I think the best way to know someone is to know their past and history. I believe people are the way they are for a reason. I use to judge people by just saying, she's/he's annoying etc and as I matured, I realized that was not right. Now I know that people are the way they act because of their background. It helps me to be more understanding and not judgemental.

Wednesday, March 31, 2010

Hey Soul Sisters!

So yesterday was great even though I wasn't able to go to K.ryns house (katherine) until like 7 or 8. It was super fun; I love my friends and I'm so blessed to be surrounded by them. They're like my sisters!!
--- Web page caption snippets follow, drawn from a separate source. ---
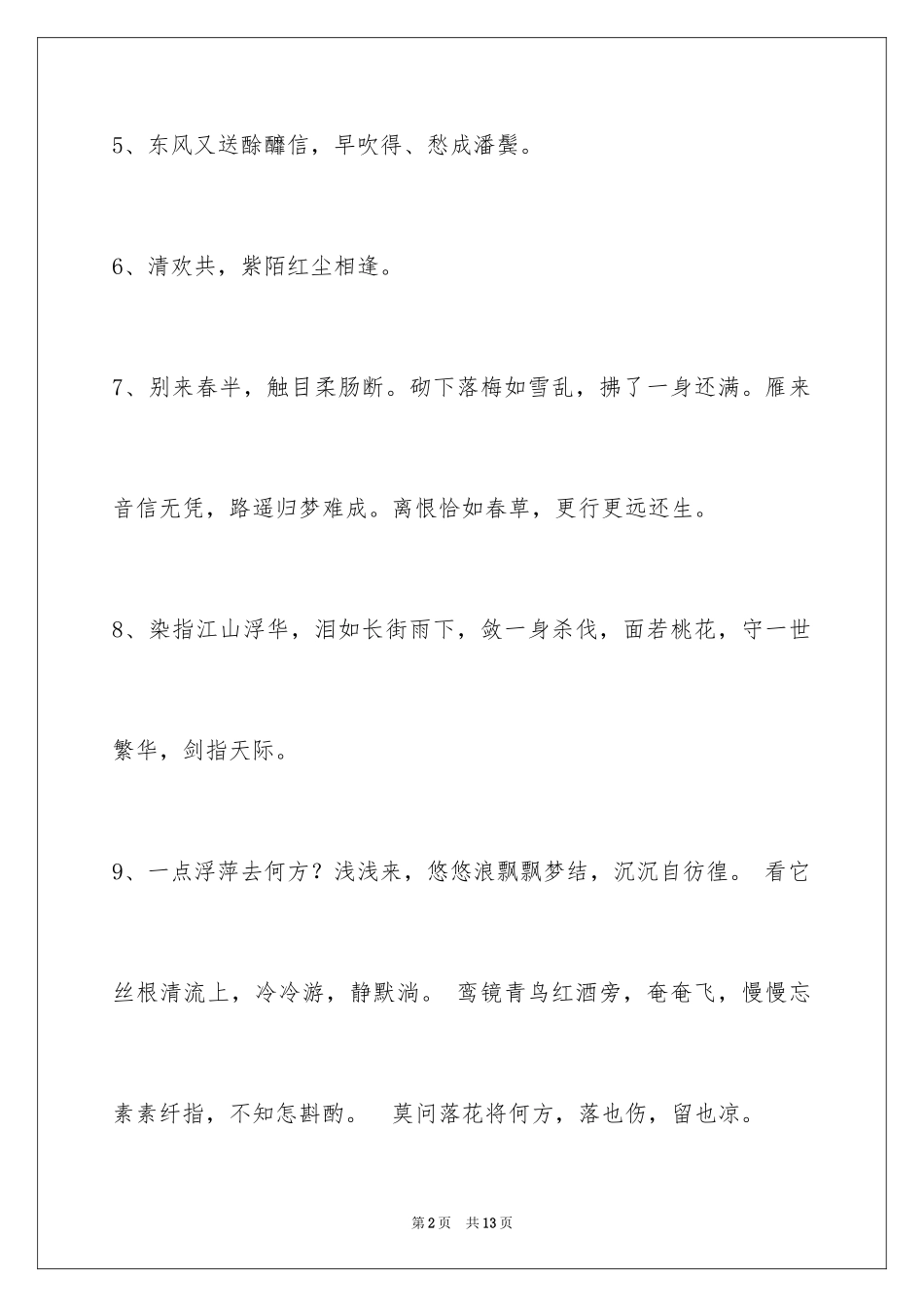 2024古风的签名69条_第2页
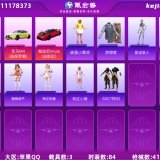 优选商品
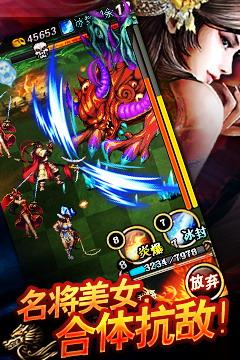 三国大战僵尸单机版下载,三国大战僵尸,三国游戏,策略游戏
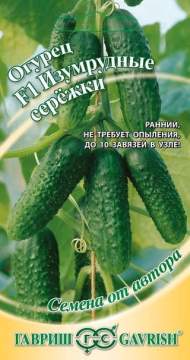 Огурец Изумрудные сережки F1 (гавриш) 10 шт Огурец Изумрудные сережки F1 (гавриш) 10 шт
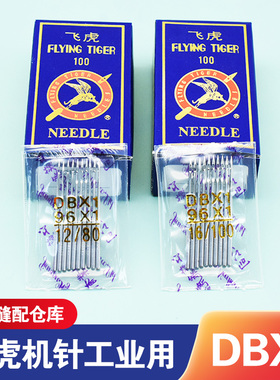 飞虎缝纫机针DB×1电动工业用锁边针家用脚踏老式电动配件14/16号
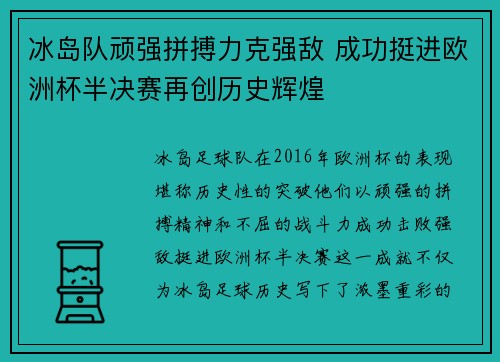 冰岛队顽强拼搏力克强敌 成功挺进欧洲杯半决赛再创历史辉煌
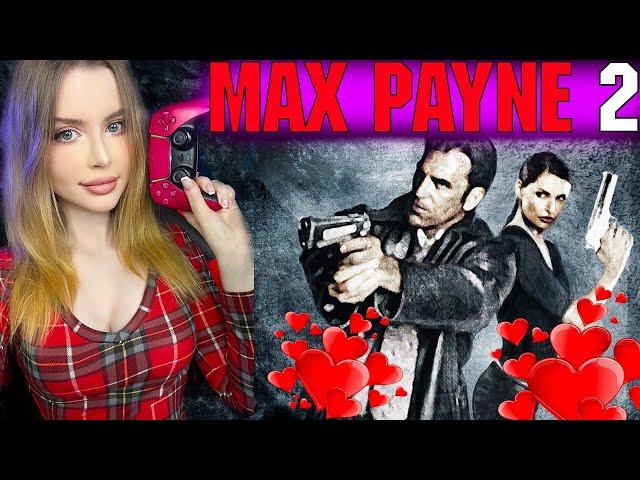 MAX PAYNE 2 Полное Прохождение на Русском | МАКС ПЕЙН 2 Прохождение и Обзор | Стрим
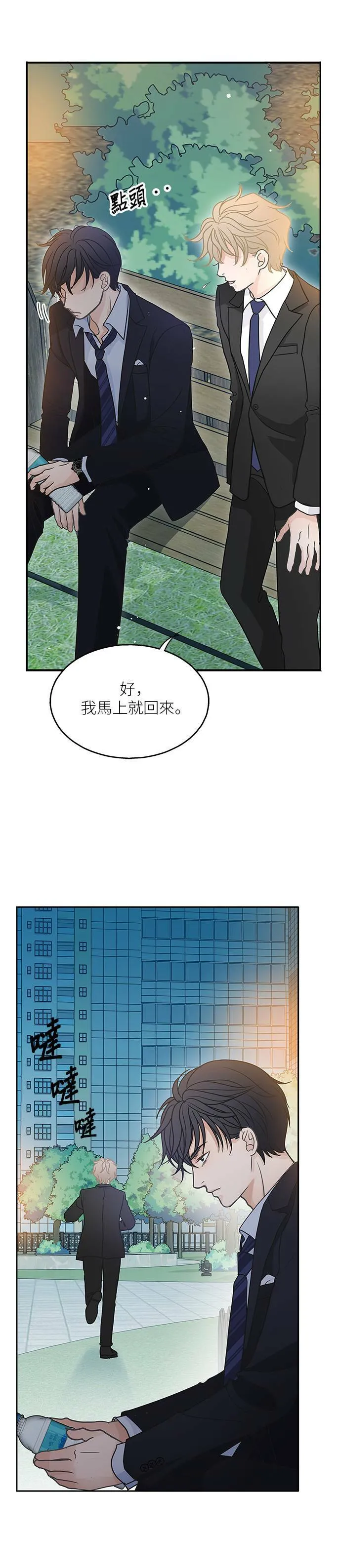 第52话 第4页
So I shared a story to them that I learned from a few days before. I was at a basketball game, not playing because of my back. But one of my friends nose started to bleed and to be kind I helped her out by getting her tissues. I felt like such a nurse to be helping her out. Yeah I know right? IM SO COOL! (: So the next day I told my sister and the first thing she asks me was if I was wearing gloves. In the back of my head I knew I should have been wearing gloves, but I wasn't. She gave me a lecture saying if you want to be a nurse you have to know that you can't put your life in danger to help someone else. Moral of the story in that event: wear gloves when dealing with blood (: That's not the only thing I learned though. You can't help others if you can't help yourself. I've heard of this before, don't know where but I have and it says a lot. There's people who love to help other people, cough cough me. BUT you can't give something to someone if you can't give it to yourself. ex. I don't think people could be nice to someone if they can't be nice to themselves. I can't solve other peoples problems or help them if I don't work to solve mine. I don't want to go into to much details, but it's something to think about.

Something New

So my English class uses this blogger site to blog about our books and I didn't see how useful it was. Then I saw Jessica Andrukat's site and decided to make one! She's so inspirational yeeah? So, I'm going to try to do real blogging and not like tumblr.